Word for word, transcribe the data below from the line with "Gold Barrette - Picture 3 of 3" to the line with "何も入れていない状態ではこんな感じ", keeping both of those lines.

Short web captions:
*****

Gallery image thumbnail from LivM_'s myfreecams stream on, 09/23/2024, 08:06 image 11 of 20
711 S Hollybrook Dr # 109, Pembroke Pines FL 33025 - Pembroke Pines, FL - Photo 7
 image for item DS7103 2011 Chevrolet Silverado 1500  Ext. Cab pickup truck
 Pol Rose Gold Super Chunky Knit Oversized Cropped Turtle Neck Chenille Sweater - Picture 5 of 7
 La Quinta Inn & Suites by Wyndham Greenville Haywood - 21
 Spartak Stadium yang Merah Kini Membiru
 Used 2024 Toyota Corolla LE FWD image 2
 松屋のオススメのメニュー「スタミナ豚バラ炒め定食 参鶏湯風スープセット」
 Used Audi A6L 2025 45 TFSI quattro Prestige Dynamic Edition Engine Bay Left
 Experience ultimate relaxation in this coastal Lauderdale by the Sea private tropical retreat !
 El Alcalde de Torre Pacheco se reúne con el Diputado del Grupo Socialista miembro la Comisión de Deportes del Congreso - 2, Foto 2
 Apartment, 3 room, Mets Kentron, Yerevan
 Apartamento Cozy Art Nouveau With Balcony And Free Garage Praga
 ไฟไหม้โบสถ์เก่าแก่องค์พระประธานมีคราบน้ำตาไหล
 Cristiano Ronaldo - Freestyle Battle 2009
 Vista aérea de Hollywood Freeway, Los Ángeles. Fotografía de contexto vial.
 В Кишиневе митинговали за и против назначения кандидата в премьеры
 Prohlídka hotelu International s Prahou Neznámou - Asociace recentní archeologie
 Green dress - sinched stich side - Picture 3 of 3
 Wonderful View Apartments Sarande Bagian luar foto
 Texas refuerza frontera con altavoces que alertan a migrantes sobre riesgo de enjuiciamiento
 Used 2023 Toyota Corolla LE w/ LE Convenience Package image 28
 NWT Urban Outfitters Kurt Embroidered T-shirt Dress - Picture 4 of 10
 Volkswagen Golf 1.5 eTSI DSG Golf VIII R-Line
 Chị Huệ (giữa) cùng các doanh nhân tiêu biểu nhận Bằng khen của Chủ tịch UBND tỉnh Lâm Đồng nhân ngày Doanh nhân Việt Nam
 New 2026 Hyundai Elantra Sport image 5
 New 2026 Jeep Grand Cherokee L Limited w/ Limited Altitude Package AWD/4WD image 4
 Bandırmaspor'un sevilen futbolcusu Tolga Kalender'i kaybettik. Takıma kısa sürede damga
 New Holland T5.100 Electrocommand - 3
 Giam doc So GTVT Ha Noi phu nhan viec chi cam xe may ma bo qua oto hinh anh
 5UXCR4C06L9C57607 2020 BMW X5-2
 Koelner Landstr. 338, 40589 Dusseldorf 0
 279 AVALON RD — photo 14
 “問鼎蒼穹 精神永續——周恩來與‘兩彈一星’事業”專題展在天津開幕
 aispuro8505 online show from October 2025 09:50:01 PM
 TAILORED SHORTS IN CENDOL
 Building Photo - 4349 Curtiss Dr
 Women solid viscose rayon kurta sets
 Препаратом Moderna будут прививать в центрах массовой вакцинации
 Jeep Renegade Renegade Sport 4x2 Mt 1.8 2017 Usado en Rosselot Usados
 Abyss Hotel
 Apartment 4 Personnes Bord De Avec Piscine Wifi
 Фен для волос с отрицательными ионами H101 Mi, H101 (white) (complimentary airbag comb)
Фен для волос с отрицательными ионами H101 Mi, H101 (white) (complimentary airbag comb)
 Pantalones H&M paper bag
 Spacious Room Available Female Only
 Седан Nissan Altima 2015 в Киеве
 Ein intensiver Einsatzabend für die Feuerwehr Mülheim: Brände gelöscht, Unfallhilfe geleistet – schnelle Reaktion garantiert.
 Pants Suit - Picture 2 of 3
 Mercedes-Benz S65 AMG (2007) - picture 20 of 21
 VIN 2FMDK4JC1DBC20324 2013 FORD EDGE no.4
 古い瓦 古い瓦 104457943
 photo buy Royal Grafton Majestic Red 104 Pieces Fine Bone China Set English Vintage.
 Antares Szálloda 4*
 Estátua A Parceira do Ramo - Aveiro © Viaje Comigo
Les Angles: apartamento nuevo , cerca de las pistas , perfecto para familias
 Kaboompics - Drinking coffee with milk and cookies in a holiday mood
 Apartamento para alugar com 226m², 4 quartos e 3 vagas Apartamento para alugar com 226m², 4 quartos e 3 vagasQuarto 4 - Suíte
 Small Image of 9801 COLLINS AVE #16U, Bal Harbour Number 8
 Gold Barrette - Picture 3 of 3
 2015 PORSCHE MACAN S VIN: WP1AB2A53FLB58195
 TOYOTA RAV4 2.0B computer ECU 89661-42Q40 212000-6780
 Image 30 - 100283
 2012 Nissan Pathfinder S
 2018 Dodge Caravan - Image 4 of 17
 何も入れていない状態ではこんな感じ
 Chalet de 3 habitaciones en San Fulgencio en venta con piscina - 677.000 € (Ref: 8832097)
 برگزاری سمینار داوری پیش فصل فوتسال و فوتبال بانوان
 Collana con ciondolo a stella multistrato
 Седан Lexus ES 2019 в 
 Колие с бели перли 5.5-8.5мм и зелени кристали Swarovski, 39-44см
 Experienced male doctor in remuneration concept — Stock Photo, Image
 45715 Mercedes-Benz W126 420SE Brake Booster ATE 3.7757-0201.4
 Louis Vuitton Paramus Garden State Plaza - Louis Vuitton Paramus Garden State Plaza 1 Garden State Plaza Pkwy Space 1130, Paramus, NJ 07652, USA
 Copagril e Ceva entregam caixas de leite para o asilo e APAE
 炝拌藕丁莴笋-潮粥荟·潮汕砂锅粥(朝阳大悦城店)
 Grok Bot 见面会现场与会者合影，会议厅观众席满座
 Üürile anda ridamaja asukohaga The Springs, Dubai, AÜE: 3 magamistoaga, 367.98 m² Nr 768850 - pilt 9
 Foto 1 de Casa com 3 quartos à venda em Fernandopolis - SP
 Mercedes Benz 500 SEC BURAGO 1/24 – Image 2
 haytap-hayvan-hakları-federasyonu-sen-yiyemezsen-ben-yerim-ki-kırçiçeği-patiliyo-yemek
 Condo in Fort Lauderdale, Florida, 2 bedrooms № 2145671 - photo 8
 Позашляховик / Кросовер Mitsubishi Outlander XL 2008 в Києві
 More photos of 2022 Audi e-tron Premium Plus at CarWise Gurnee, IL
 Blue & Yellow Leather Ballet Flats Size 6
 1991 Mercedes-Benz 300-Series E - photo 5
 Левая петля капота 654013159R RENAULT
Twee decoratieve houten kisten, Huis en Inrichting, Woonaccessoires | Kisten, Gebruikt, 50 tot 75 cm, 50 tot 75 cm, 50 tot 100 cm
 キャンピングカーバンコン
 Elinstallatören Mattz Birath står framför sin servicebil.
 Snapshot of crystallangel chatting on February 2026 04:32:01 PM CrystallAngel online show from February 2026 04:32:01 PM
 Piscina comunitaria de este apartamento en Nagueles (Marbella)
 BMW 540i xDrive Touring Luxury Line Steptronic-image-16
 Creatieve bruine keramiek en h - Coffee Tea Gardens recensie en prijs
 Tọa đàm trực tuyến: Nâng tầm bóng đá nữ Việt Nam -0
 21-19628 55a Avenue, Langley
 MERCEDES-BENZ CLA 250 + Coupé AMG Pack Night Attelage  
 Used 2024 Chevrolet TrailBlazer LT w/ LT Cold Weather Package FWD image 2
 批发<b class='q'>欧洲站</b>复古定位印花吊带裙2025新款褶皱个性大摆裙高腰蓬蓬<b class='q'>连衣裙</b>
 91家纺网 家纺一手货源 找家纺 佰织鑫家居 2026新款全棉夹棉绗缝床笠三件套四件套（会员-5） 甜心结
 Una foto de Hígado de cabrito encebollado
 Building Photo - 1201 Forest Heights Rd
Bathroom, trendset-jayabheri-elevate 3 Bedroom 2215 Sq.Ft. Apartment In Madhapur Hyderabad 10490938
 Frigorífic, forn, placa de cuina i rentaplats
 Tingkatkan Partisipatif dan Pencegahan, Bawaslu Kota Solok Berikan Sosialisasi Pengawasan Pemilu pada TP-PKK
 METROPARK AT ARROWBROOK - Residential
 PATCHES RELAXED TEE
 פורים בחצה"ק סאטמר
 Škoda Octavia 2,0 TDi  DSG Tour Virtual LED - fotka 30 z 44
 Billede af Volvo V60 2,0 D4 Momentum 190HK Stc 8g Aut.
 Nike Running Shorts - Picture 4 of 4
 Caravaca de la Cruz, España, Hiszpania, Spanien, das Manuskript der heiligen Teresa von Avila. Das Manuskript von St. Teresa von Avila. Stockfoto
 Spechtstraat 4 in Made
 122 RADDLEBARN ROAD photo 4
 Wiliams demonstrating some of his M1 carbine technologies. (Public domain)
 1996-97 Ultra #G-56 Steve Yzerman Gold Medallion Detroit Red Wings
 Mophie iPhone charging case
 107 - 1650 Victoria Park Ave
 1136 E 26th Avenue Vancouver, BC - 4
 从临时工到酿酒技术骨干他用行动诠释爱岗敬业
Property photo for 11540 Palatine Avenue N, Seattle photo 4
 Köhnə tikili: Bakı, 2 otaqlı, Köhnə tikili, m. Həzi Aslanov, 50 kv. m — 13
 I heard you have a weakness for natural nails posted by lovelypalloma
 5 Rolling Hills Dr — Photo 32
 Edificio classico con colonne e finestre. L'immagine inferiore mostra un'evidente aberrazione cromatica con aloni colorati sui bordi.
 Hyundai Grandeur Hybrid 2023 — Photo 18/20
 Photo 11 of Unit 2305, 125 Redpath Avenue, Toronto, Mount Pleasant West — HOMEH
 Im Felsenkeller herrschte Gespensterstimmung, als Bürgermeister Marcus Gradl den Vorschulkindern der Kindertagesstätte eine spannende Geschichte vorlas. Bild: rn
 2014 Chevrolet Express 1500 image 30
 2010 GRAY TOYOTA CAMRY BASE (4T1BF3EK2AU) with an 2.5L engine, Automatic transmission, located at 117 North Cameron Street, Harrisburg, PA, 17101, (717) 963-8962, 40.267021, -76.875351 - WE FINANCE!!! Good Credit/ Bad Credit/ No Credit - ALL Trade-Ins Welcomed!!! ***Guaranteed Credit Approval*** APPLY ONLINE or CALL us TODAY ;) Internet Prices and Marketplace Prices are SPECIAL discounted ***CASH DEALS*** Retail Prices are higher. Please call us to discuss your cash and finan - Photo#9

*****

# Result of the exercise
 Gold Barrette - Picture 3 of 3
 2015 PORSCHE MACAN S VIN: WP1AB2A53FLB58195
 TOYOTA RAV4 2.0B computer ECU 89661-42Q40 212000-6780
 Image 30 - 100283
 2012 Nissan Pathfinder S
 2018 Dodge Caravan - Image 4 of 17
 何も入れていない状態ではこんな感じ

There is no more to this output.